Before you write me off, let me show you how this idea creeps into modern Christianity.

How many pastors have said God wants what’s best for you — not what you want? As if somehow your best is contrary to your wants, or is contrary to your welfare? They will never say that God is trying to destroy you, but that He is”putting you through trials to make you into a better Christian.” I’ve even heard this said that God will keep putting you through the same trial until you deal with it well enough.

How many “Christian” or “Bible” teachers have taught in some way or another that Christians are inherently bad? That Christians are to look at their sin, contemplate their sin, be broken over their sin, constantly bring their sin to God, and eternally micro-analyze themselves because their evil sin nature is constantly banging on the door and letting itself in? How many teachers have taught that Christians become the scum of the earth after being saved – “the worst of all sinners”? That the holiest Christians are the ones that see and are constantly aware of the full depths of their sin? That the most mature Christians are the ones who realize they are the furthest from God?

How many Christians hold as saintliness this idea that God calls Christians to stay in dangerous, abusive, or even life-threatening situations to try and “love the difficult person into the kingdom? As if God could not care less about the suffering Christian, but rather only cares that the lost person be saved?

Do any of these sound familiar? This is all from the same root: God does not care about Christians.

He does not care for their health. He does not care for their livelihood.
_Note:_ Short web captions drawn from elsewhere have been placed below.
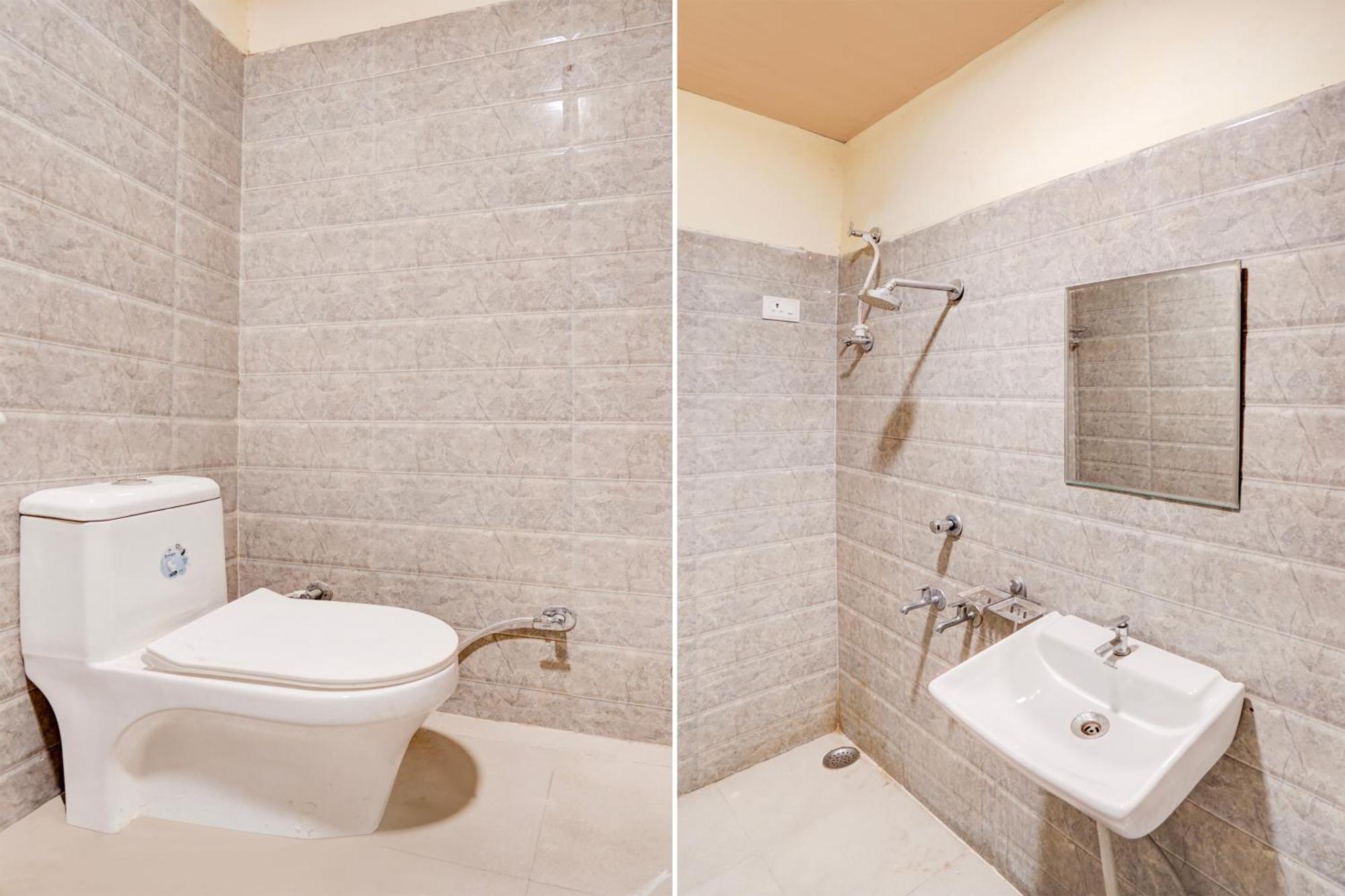 Hotel O Ajmer Heritage Екстериор снимка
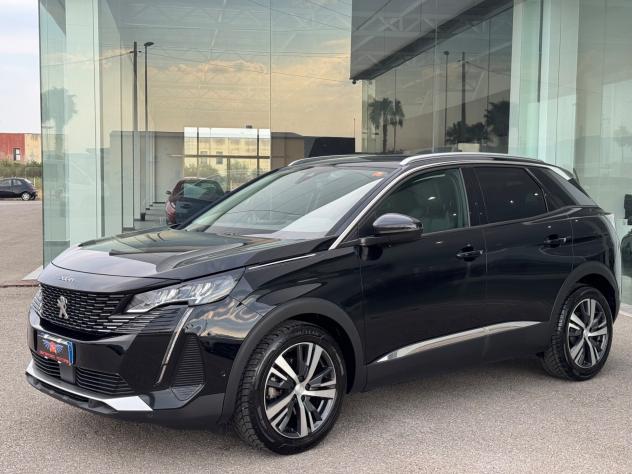 Peugeot 3008 BlueHDi 130 S&S EAT8 Allure - Foto 8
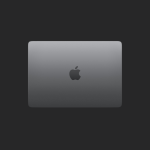 Apple MacBook AIR Apple M2 2022- (8 GB/256 GB SSD/Mac OS Monterey) (13.6 Inch, Space Grey, 1.24 Kg) (Refurbished)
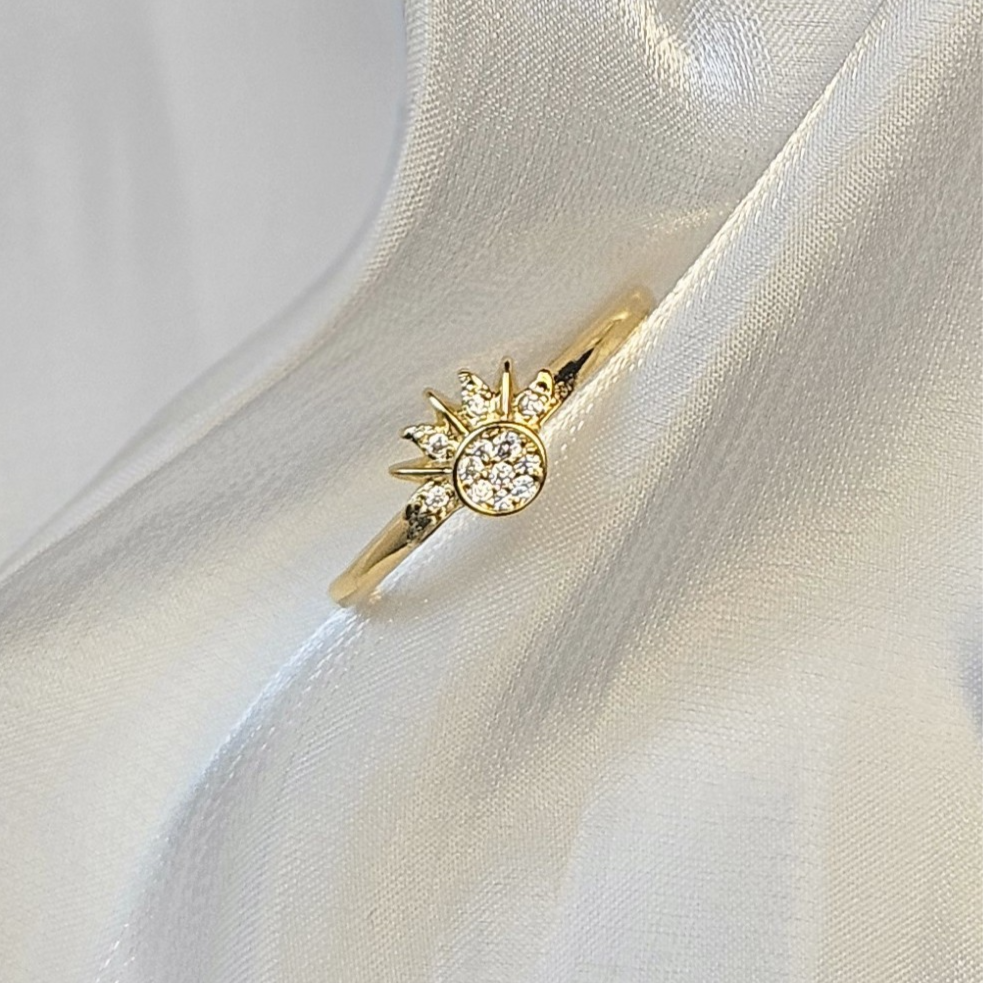 Lueur Céleste Sun image 1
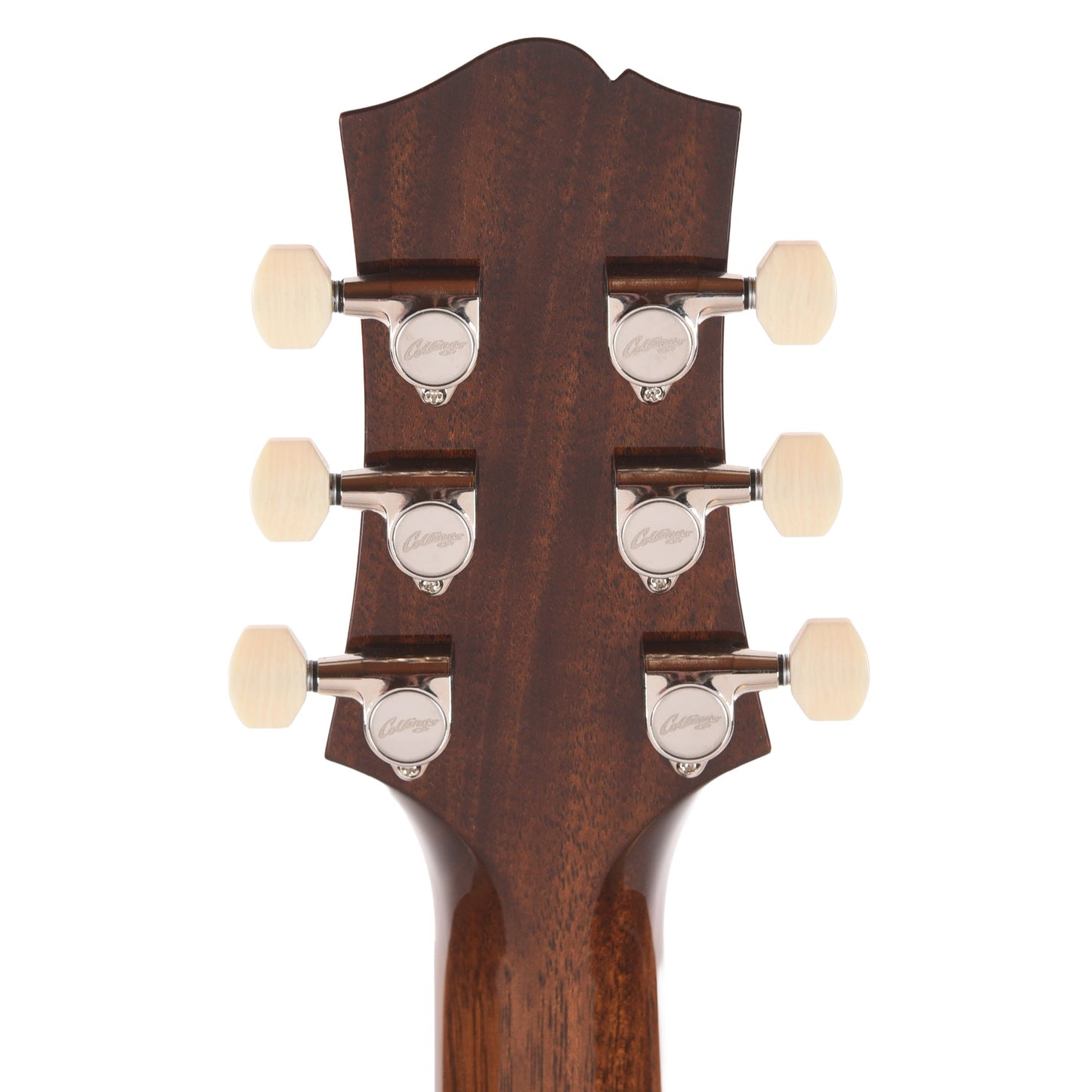 Collings 290 DC Walnut w/Lollar P90 & Charlie Christian Pickups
He does not care for any aspect of the Christian. He could not care less if the Christian stubbed a toe or lost a limb. As long as it was “for the kingdom” or “the advancement of the Gospel”, or “in pursuit of holiness” or any other common Christianese phrases.

He only cares that His plan moves forward. He cares that His plan is enacted — even on the backs of His slaves – sorry, Christians – who are expendable, filthy, depravely sinful human beings. This idea comes across in preaching many times, though never as blatant as I’ve made it to be. (And people wonder why churches are dying).

However, the Christians that spout this also teach that God loves us, because as John 3:16 says, “For God so loved the world that he gave his one and only Son, that whoever believes in him shall not perish but have eternal life.” Somehow God loves us, but does not care about us. He may care about how He can use us, but not about us as people.

This is absolute nonsense!

Let me ask you a question: suppose a man says that he loves his children dearly. He waxes eloquent about how much he loves them. He talks until he’s blue in the face convincing everyone that he loves them so much.

Then he does not drive them to soccer practice. He does not spend time with them. He does not encourage them. He hardly ever speaks with them – usually only to scold them. He does not provide for any of their needs. He only has contact with them when they have done something wrong and he needs to correct them. He only speaks to them when he has some chores that he doesn’t want to do, so he can make them do the dirty work.

In a nutshell, he does not care for them. Even though he says he loves them.

But does this man really love his children? Is this what love does?

Or, let’s have another example. Suppose someone talks your ear off, telling you about how much this person loves his pets. He’ll spend every waking moment telling anyone that will listen how much he loves these animals. His phone is chock full of pictures of all of his pets.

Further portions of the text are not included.